V1 V2 V3 V4 V5 V6 V7 V8 V9 V10 V11 V12 V13 V14 V15 V16 V17 V18 V19 V20 V21 V22
[1,] 1 1 1 1 1 1 1 1 1 1 2 1 1 1 1 1 1 1 1 1 1 1
[2,] 1 1 1 1 1 1 1 1 1 1 1 1 1 1 1 1 1 1 1 1 1 1
[3,] 1 1 1 1 1 1 1 1 1 1 1 1 1 1 1 1 1 1 1 1 1 3
[4,] 1 1 1 1 1 1 1 1 1 1 1 1 1 1 1 1 1 1 1 1 1 1
[5,] 1 1 1 1 1 1 1 1 1 1 1 1 1 1 1 1 1 1 2 1 1 1
[6,] 1 1 1 1 1 1 1 1 1 1 1 1 1 1 1 1 1 1 1 1 1 1

I am getting initialization errors, but have tried to truncate priors to mitigate that as an initial work-around.

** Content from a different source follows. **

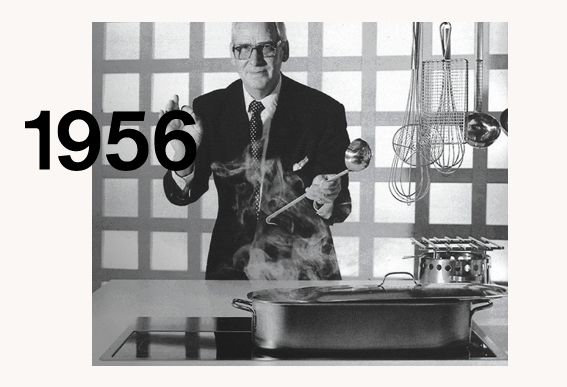 1956 年站在廚房前的 Georg von Blanquet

Any pearls of wisdom would be greatly appreciated.

Thanks,
Steve

data {
  int<lower=1> K;                      // capture events
  int<lower=0> I;                      // number of individuals
  int<lower=0,upper=1> X[I,K];         // X[i,k]: individual i captured at k (binary matrix)
  int<lower=1,upper=4> Y[I,K-1];       // Y[i,k-1]: individual influence on future survivability (1=nil, 2=low, 3=med, 4=high)
}

transformed data {
  int<lower=0,upper=K+1> first[I];     // first[i]: ind i first capture
  int<lower=0,upper=K+1> last[I];      // last[i]:  ind i last capture

  first = rep_array(K+1,I);
  last = rep_array(0,I);
  for (i in 1:I) {
    for (k in 1:K) {
      if (X[i,k] == 1) {
        if (k < first[i]) 
          first[i] = k;
        if (k > last[i]) 
          last[i] = k;
      }
    }
  }

}

parameters {
  vector<lower=0,upper=1>[K-1] phi;       // phi[k]: Pr[alive at k + 1 | alive at k]
  vector<lower=0,upper=1>[K] p;           // p[k]: Pr[capture at k]
  real<lower=0,upper=1> dphi[4];          //upper limit should be < phi... but we I set it as 1?
}

model {
  for (i in 1:I) {
    if (last[i] > 0) { //implies there are some captures for the animal atleast (put in based on released animals never originally caught)
      for (k in (first[i]+1):last[i]) {
      
      //SURVIVABILITY
        if (Y[i, k-1] > 1)                                // if individual influencing parameter exists
          target += (log(phi[k-1] - dphi[Y[i,k-1]]));     // uses one case, else uses another
        else                                              
          target += (log(phi[k-1]));
        
      //CAPTUREABILITY  
        if (X[i,k] == 1)
          target += (log(p[k]));       // i captured at k  // increment_log_prob(log(p[k]));
        else
          target += (log1m(p[k]));     // i not captured at k  // increment_log_prob(log1m(p[k]));
      }
    }
  }

    p ~ normal( 0.3 , 0.2 );
    phi ~ normal( 0.7 , 0.1 );
    dphi[1] ~ uniform( 0.4 , 0.6 ); //This is coded to be redundant above
    dphi[2] ~ normal( 0.3 , 0.1 ); // T[0,(min(phi)-0.01)];
    dphi[3] ~ normal( 0.6 , 0.1 ); // T[0,(min(phi)-0.01)];
    dphi[4] ~ normal( 0.9 , 0.2 ); // T[0,(min(phi)-0.01)];
}

Hi! Can you paste the error message? Thanks for the data and model code.

Hi,

The error results from when trying to initialise.
Chain 1: Rejecting initial value:
Chain 1: Log probability evaluates to log(0), i.e. negative infinity.
Chain 1: Stan can’t start sampling from this initial value.

I suspect it is this:
target += (log(phi[k-1] - dphi[Y[i,k-1]]));

Have you had experience using a bernoulli model instead
Regards,
Steve

Is it possible that you’re getting negative survival probabilities by subtracting dphi from phi?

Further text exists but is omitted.